Prices range from $8 for a cabinet knob to $6,000 for a front-door hardware set. Kitchen pulls start at $8 and go up to $65, although some sell for as high as $200 each. A typical kitchen project might require 40 to 60 cabinet pulls and/or knobs. Orders can take from as little as a week to three months to fill. Appointments are recommended for those who need some guidance navigating the extensive selection.
Paint Color Selector
Tired of white walls but can’t choose between one of the 75 shades of blue offered at your local paint store? Peggy Fortuna is a “color coach,” a consultant for those among us lacking color confidence. “Paint is one of the cheapest ways to redecorate,” Fortuna maintains, “but a lot of people are afraid of color.”
Not Fortuna. Armed with four-inch paint-chip samples, she’ll pay a home visit to quell a color-phobe’s nerves. “People have innate likes and dislikes,” she says. “If there is no blue in your home, I know to stay away from that color.” After you select colors, Fortuna will mail you larger samples to hang up on your walls and look at various times throughout the day since changing light affects color. Indeed, Fortuna maintains, the worst mistake people can make vis-a-vis a paint color is to choose one after viewing it on a tiny paint chip under the fluorescent light of a paint store.
Sharon Hill of Pound Ridge turned to Fortuna after living “too long” with a room color she hated. “We used every one of Peggy’s first recommendations and everything was perfect,” she reports. Fortuna charges $90 per hour with a one-hour minimum, though a consultation typically lasts two hours. Appointments often can be scheduled within a week, although Fortuna has been known to run right over for paint “emergencies.” “I’ve had calls from people while they’ve had painters in their house,” she says.
SPLENDOR IN THE GRASS
Armand Benedek & Glenn Ticehurst, Ltd.
448H Old Post Rd., Bedford
(914) 234-9666; www.abgtla.com
Sometimes the grass really is greener on the other side. So if your idea of landscaping is paying a neighborhood kid a couple of bucks to rake up the leaves, you might want to skip this section: we’re not talking about mowing the lawn and trimming the hedges. Landscape architecture is a whole different category, as much an art as it is a science. And Glenn Ticehurst is a true artist.
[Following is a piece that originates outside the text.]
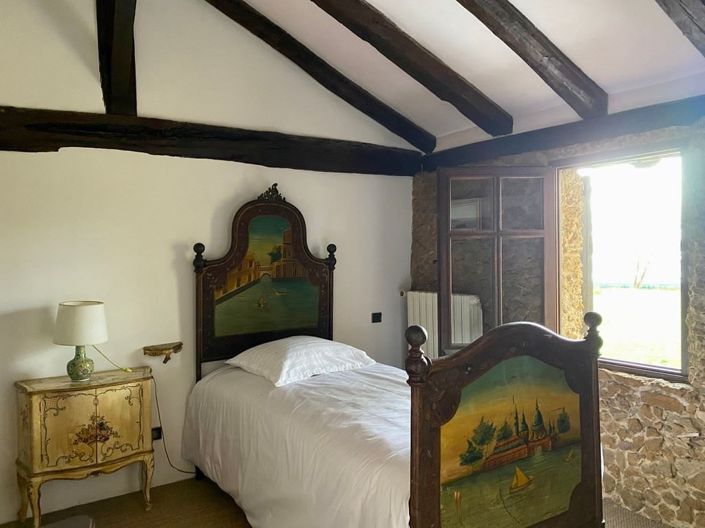 Image No.14-4 Bed House for sale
Founded in the ‘60s, Glenn Ticehurst’s firm, Armand Benedek & Glenn Ticehurst, Ltd. (Armand Benedek is now deceased), offers landscape architecture and site planning with a specialty in residential properties of at least two acres. “The ideal situation is to be involved very early on so we can master-plan an entire project and deal with planning and zoning, wetlands, and environmental issues,” says Ticehurst, who has a Bachelor’s of Landscape Architecture from the SUNY College of Environmental Science and Forestry in Syracuse. “I have no signature look, per se,” Ticehurst continues. “I design depending upon the residence and the client’s desire.”
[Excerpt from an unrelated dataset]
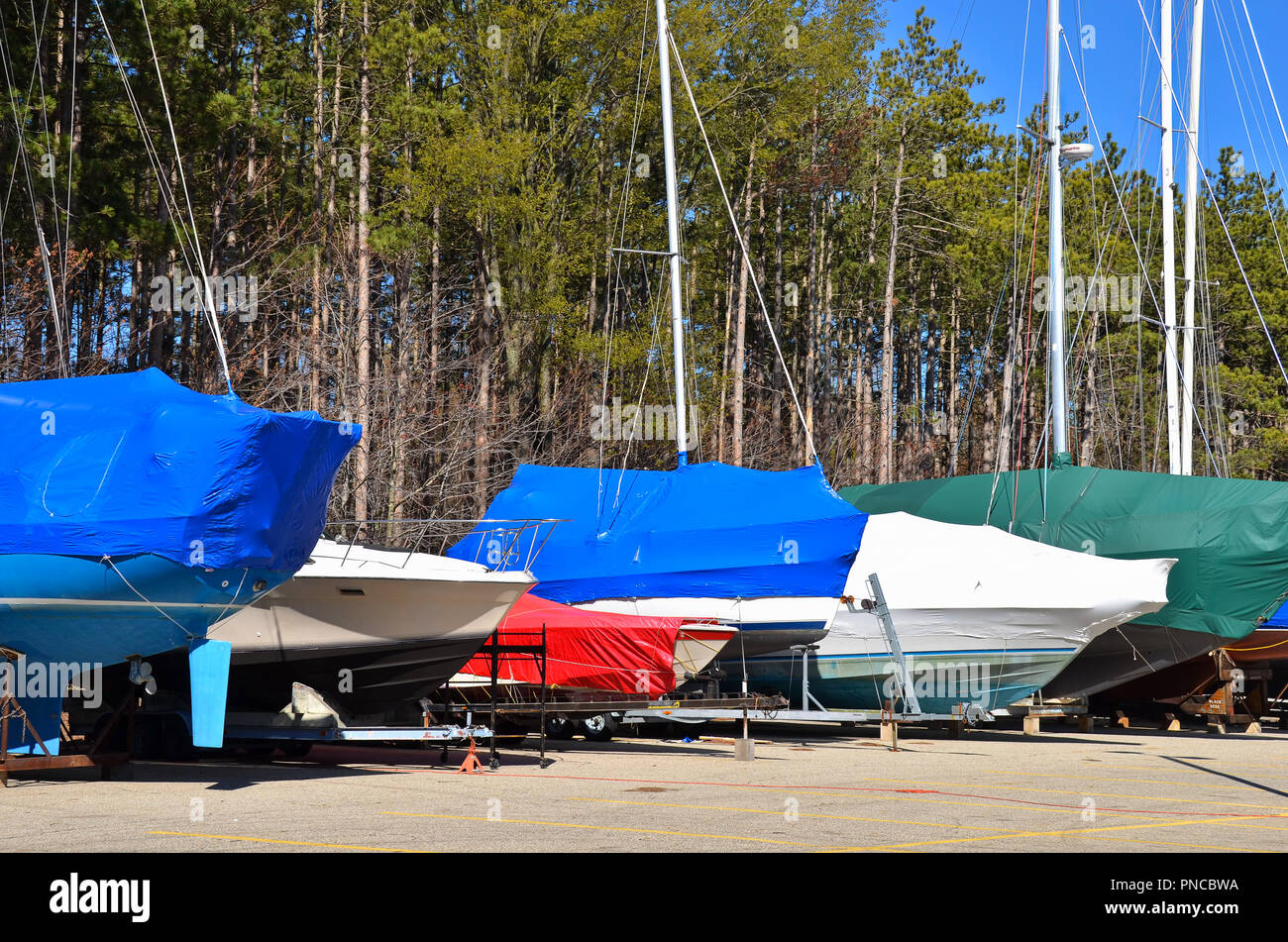 Winterfest Boote mit Abdeckungen in Partien Stockfoto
A project usually goes through three distinct phases: 1) design of the master landscape plan and establishment of a budget ($5,000); 2) development of construction documents for execution (requiring payment of approximately 10 percent of costs for plantings, fencing, lighting, driveway, tennis court, pool, etc.); and 3) on-site supervision of implementation (billed at $150 per hour). Construction costs typically range from $250,000 to more than $1 million. Phases 1 and 2 usually take one to three months, and the actual implementation about a year.
40 E. Parkway, Scarsdale
Waterworks is certainly not the place to go for off-the-racks bathroom faucets and fixtures. Pick up just about any shelter magazine, and you’ll know what we mean: Waterworks’ products have been featured in all the top shelter magazines, from O at Home to Architectural Digest. Scarsdale interior designer Carol DeBear calls the 2,300-square-foot Scarsdale showroom (one of 40 nationwide) “a complete one-stop shopping store for the bathroom.”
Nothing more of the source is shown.